Sunday, March 22, 2009
With the kind assistance of John Heltman, Dill now has his own Facebook page. Which is more than I ever expected for him (Dill, not John).
And Cul de Sac is on Facebook too! Who knew?
Also I'd forgotten this; Dill's last name is Wedekind, which seems like a really cheap joke. But I can't speak for his parents' sense of humor.
Friday, March 20, 2009
Thursday, March 19, 2009
Tuesday, March 17, 2009
I posted this last year too. Lazy, lazy. But wouldn't this make a fine novelty placemat for your Irish pub?
And here, I'll make this educational, if only tangentially.
In 1963, General Mills vice president John Holahan inventively discovered that Circus Peanuts shavings yielded a tasty enhancement to his breakfast cereal. General Mills formalized the innovation and created Lucky Charms, the first breakfast cereal to contain marshmallow bits (or "marbits"). -Wikipedia
Sunday, March 15, 2009
"Otterloop" sounds like it's Dutch, probably, but "Urquhart" I know is Scottish. And it's as much fun to type as it is to say ("Urkut").

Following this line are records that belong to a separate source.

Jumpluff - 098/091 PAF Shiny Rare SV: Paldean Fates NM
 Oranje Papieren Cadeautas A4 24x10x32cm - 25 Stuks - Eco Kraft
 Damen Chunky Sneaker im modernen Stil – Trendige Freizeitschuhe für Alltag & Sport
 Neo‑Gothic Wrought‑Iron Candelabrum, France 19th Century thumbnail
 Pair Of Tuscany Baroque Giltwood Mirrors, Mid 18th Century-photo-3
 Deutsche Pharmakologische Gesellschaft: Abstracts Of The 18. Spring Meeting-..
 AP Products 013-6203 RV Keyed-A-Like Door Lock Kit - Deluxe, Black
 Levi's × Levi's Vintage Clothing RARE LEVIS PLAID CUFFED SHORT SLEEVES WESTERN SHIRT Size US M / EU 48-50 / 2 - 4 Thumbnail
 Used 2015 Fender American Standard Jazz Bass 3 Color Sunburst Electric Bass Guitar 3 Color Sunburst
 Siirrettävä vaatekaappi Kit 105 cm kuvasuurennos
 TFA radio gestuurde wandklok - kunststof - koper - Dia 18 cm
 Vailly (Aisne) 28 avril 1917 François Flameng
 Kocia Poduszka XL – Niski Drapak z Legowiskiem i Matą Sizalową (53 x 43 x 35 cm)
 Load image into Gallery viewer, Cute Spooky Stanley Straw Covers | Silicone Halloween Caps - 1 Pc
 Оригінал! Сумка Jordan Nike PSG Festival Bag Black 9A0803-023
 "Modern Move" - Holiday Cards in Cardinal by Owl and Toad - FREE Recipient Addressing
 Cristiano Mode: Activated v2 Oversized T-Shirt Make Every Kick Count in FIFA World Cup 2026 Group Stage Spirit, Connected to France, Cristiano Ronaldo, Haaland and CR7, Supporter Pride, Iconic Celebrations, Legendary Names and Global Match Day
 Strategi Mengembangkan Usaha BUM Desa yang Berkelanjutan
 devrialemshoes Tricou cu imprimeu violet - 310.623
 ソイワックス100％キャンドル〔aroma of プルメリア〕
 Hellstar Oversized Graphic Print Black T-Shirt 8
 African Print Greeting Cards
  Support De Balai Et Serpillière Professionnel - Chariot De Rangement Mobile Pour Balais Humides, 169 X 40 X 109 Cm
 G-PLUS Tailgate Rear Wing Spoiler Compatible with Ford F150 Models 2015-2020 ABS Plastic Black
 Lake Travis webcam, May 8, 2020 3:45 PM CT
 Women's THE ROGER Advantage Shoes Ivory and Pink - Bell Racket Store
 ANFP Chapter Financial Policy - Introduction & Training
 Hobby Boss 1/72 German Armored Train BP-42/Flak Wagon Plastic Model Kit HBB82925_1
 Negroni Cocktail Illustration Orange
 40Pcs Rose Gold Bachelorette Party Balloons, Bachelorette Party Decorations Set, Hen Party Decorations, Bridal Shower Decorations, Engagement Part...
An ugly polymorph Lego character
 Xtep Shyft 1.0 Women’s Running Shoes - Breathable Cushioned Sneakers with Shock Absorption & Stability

It's a mild reference to my favorite movie, Local Hero, and its multitasking hotelier Gordon Urquhart, and also to my own Scottish heritage. Thompson is a sept of the Clan MacTavish, but I've also got Malcolm (and Whitt and Church and Scattergood and other English names) in my familly.
It tickles me to suppose that there was some likelihood of a hyphenated name in the Otterloop household, until they said it out loud and thought better of it. But Madeline Urquhart Otterloop could console herself with the knowledge that one of the coolest castles in Scotland is Urquhart Castle. below, and that it sits on the banks of Loch Ness.
Wednesday, March 11, 2009
Here's an exclusive first look at a future week of Cul de Sacs in early rough form. Uh-oh, spoiler alert! You can see I'm firing on all eight cylinders with this sequence, and the three Sunday roughs on the right are obviously instant classics. Even the last one, which I can't decipher (I think it says "Farley undied").
Monday, March 9, 2009
Sunday, March 8, 2009
Saturday, March 7, 2009
In honor of the centennial of the birth of musical mad scientist Raymond Scott, the toy company Presspop has produced an action figure of the poor unsuspecting man. It's terrifyingly realistic, and includes a CD, a clavivox and a pointing finger to play the clavivox with.
You know Scott's music whether you know it or not. Likely it's permeated your consciousness through its use in old Warner Brother's cartoons via Carl Stalling. And there are a dozen or more CDs of Scott's music, some performed by him and his quintette, others by bands like the Beau Hunks. Scott himself made an appearance in Michael Chabon's Adventures of Kavalier & Clay, at a party where Salvador Dali wore a deep sea diving suit. And now you can have your very own six inch tall Raymond Scott to fill that Raymond Scott-size space on your shelf.
I'm not sure this makes much sense, but it made me laugh when I thought it up (which is often a warning sign). Originally there was as set-back-your-clock joke in there somewhere too, but it got lost in the final. And I'm not sure if "Pecunia Fugit" is correct, because I don't know Latin.
Sunday, March 1, 2009
A few months back I did a joint interview with the below-mentioned genius, Stephan Pastis, for Comic-Con Magazine, courtesy of the gracious Gary Sassaman. Well, the whole magazine is online here. You can turn the pages and everything, and little lap cards fall out of your computer screen. You'll instantly notice that Stephan is better-spoken, better-groomed and generally more thoughtful than I am. I think he's taller, too.